The Wii and PlayStation 2 versions received mostly mixed to negative reviews. IGN commented the Wii version "is not a bad game" but they were critical of its puzzles, minimal combat and the game's length. GameSpot called Underworld as an enjoyable adventure, but was critical of bugs, camera issues, and the extras for Wii version. The PlayStation 2 version was called "an embarrassment to the franchise" by IGN. They went on to say that the version was such a poor conversion that it shouldn't have been released, criticising the game's bugs, linear gameplay and minimal combat.
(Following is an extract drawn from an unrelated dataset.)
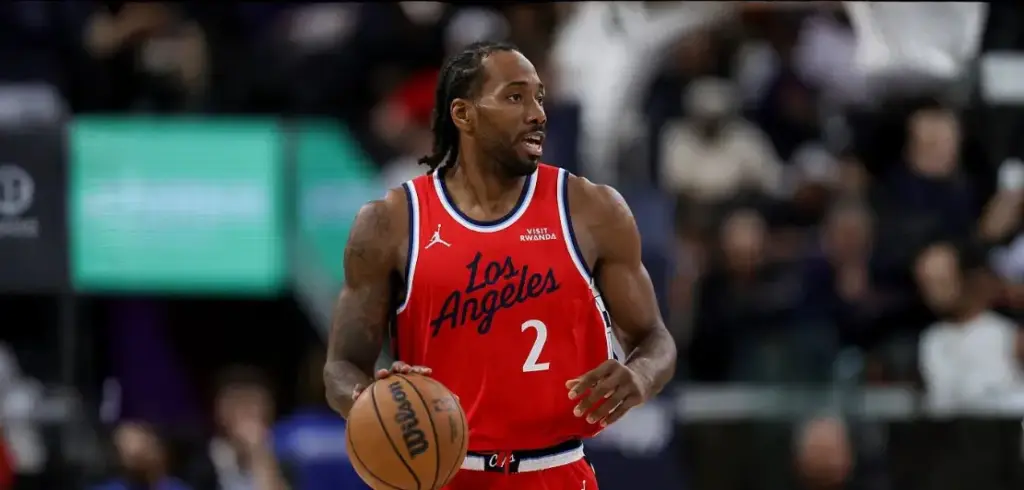 Kawhi Leonard Injury Update: Clippers Star Set to Play vs Raptors as LA Pushes for Playoff Spot Kawhi Leonard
Tomb Raider: Underworld received a BAFTA nomination in 2009. For Underworlds story, Lindstrom and Gard received a nomination for the WGAW's Videogame Writing Award. During the 12th Annual Interactive Achievement Awards, the Academy of Interactive Arts & Sciences nominated Tomb Raider: Underworld for "Outstanding Achievement in Character Performance" (Lara Croft) and "Outstanding Achievement in Visual Engineering".

Aggregate score
| Aggregator | Score |
|---|---|
| Metacritic | (PC) 80/100 (X360) 76/100 (PS3) 75/100 (Wii) 70/100 (NDS) 70/100 |

Review scores
| Publication | Score |
|---|---|
| Edge | 8/10 |
| Famitsu | (PS3 & X360) 32/40 |
| GameSpot | (PS3 & X360) 7.0/10 (Wii) 6.5/10 (NDS) 5.5/10 |
| GamesRadar+ | 4.5/5 |
| IGN | (PC) 8.0/10 (X360) 7.5/10 (PS3) 7.4/10 (Wii) 6.5/10 (PS2) 4.0/10 |
| Nintendo Power | 7.0/10 |

===Sales===
In early 2009, Eidos said that Tomb Raider: Underworld sales failed to meet expectations, selling 1.5 million copies worldwide as of 31 December 2008. They later announced in February that the game had sold around 2.6 million copies worldwide. Also, on 8 May, Ian Livingstone, President of Eidos Interactive, said that Underworld has met their target expectations. The same month, Tomb Raider: Underworld was released as part of both the Xbox Classics and PS3 Platinum Range. In December 2011, Tomb Raider: Underworld was given away for free to subscribers of the PlayStation Plus service. As of September 2021, the game has sold an estimated 3.8 million copies.